• **TASK**:
Set every entry down again exactly, excluding any pictures.

Web page caption snippets:
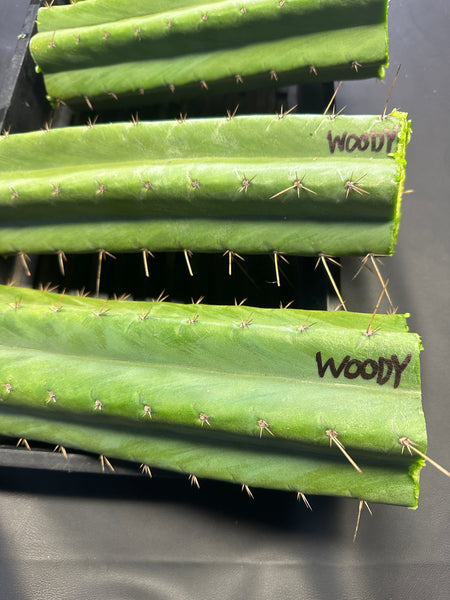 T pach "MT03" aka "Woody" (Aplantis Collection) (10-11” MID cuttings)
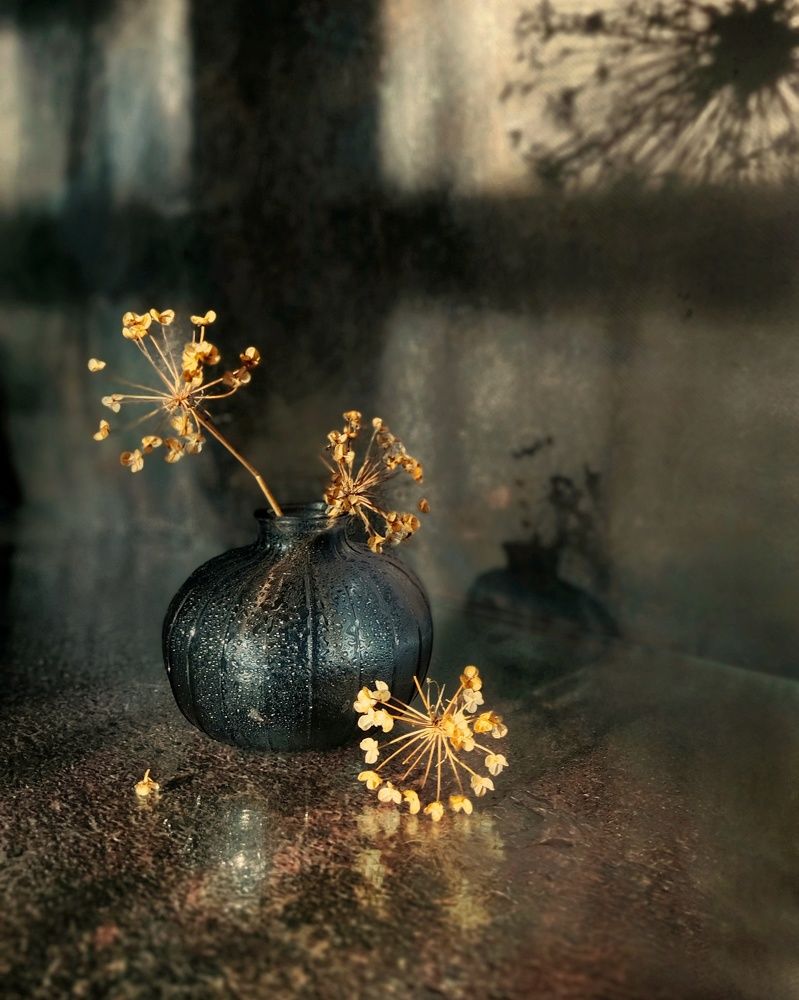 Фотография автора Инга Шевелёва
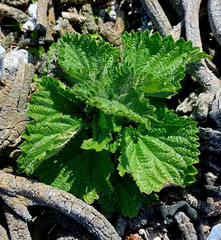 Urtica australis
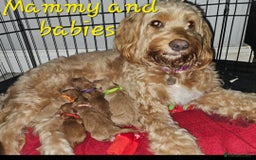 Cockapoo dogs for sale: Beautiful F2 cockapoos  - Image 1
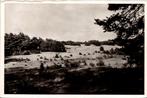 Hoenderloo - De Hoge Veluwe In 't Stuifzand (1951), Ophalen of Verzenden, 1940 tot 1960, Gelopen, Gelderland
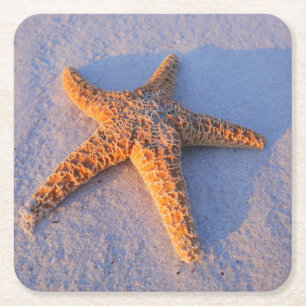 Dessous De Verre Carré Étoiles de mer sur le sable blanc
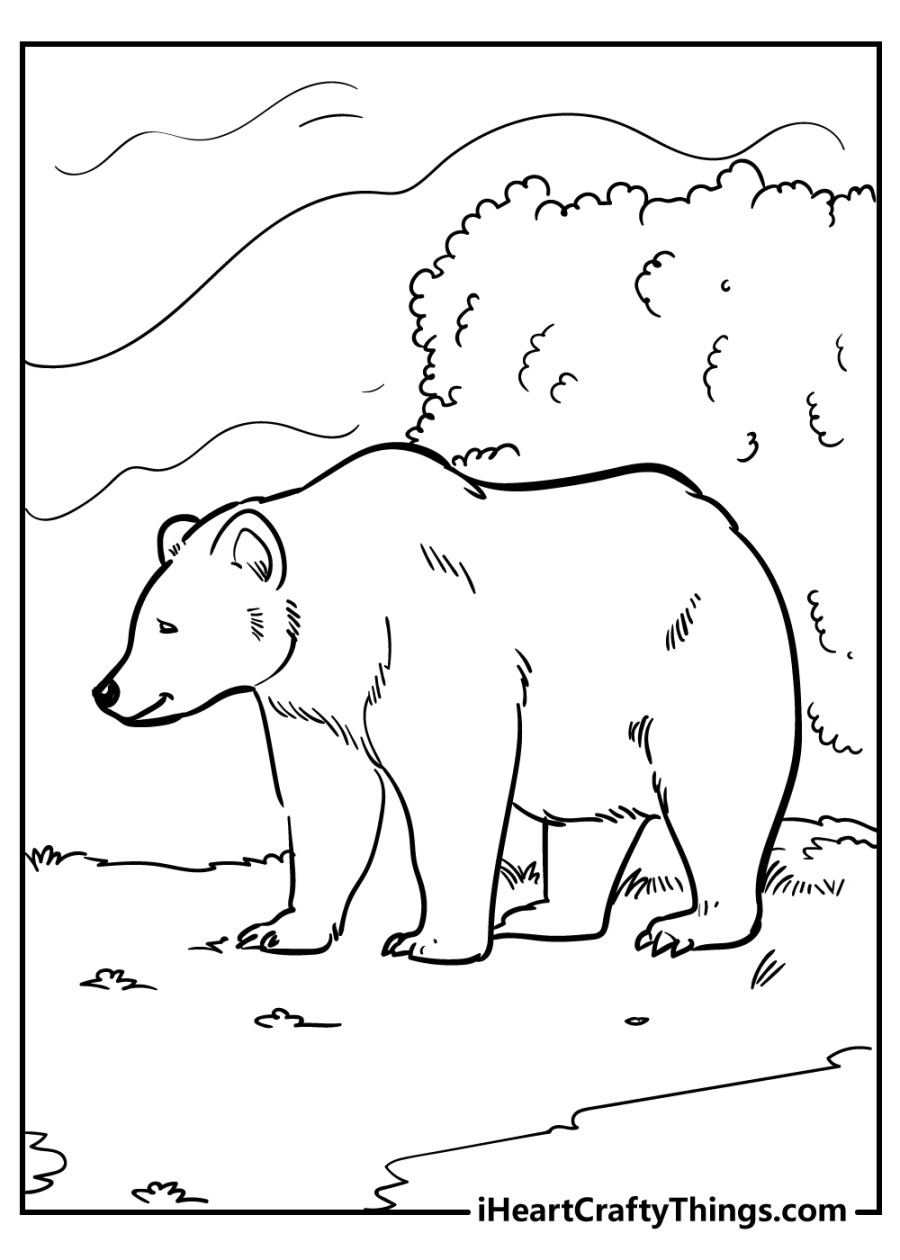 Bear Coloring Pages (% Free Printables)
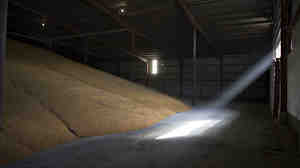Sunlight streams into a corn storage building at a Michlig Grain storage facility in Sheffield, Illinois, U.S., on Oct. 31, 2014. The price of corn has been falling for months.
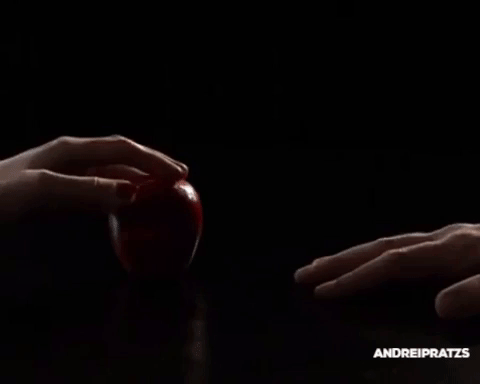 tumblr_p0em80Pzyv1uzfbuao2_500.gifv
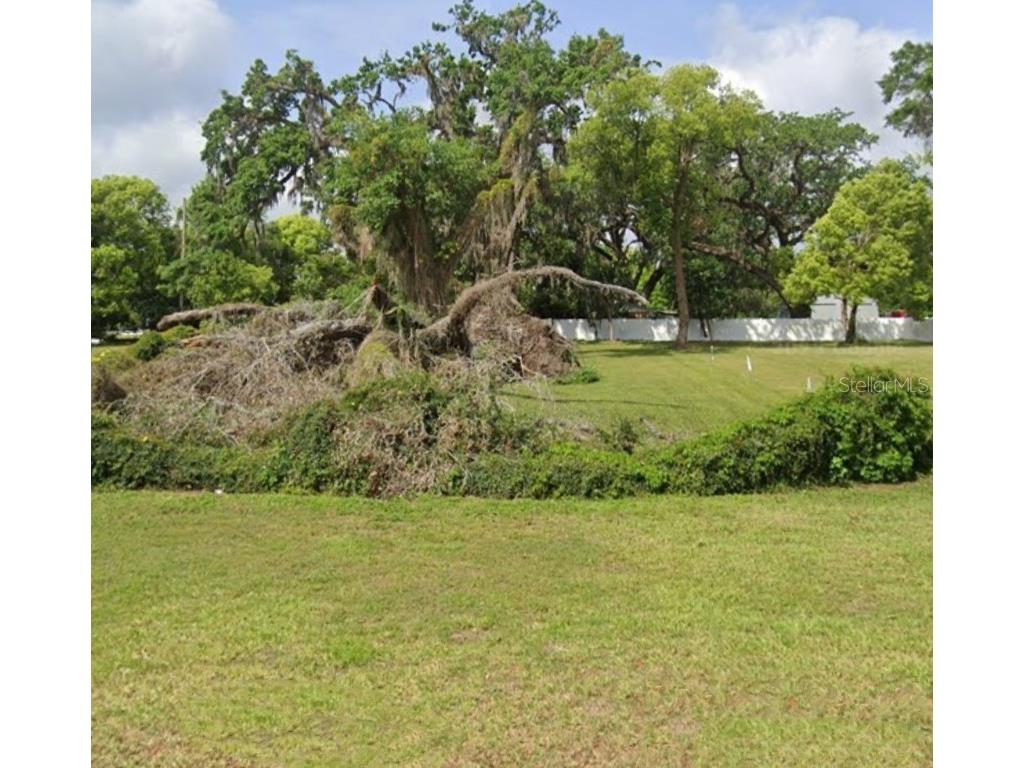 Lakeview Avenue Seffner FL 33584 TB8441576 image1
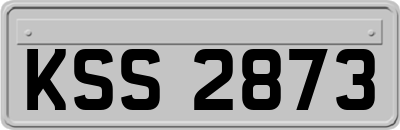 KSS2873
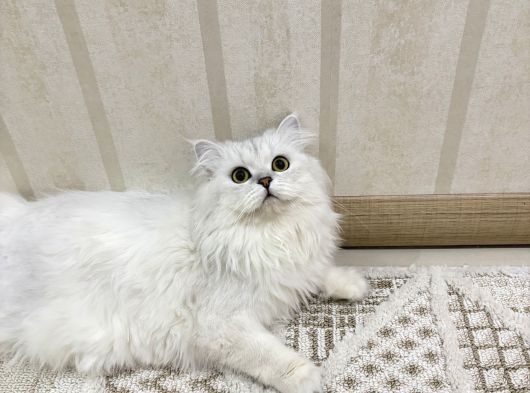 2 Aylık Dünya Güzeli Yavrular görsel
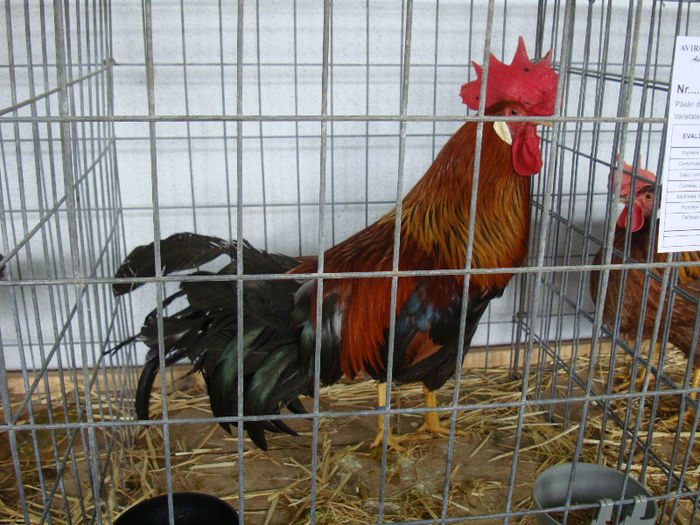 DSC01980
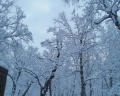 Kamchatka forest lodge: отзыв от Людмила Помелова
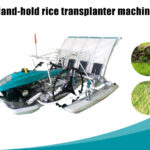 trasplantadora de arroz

• **EXERCISE RESPONSE**:
 T pach "MT03" aka "Woody" (Aplantis Collection) (10-11” MID cuttings)
 Фотография автора Инга Шевелёва
 Urtica australis
 Cockapoo dogs for sale: Beautiful F2 cockapoos  - Image 1
 Hoenderloo - De Hoge Veluwe In 't Stuifzand (1951), Ophalen of Verzenden, 1940 tot 1960, Gelopen, Gelderland
 Dessous De Verre Carré Étoiles de mer sur le sable blanc
 Bear Coloring Pages (% Free Printables)
Sunlight streams into a corn storage building at a Michlig Grain storage facility in Sheffield, Illinois, U.S., on Oct. 31, 2014. The price of corn has been falling for months.
 tumblr_p0em80Pzyv1uzfbuao2_500.gifv
 Lakeview Avenue Seffner FL 33584 TB8441576 image1
 KSS2873
 2 Aylık Dünya Güzeli Yavrular görsel
 DSC01980
 Kamchatka forest lodge: отзыв от Людмила Помелова
 trasplantadora de arroz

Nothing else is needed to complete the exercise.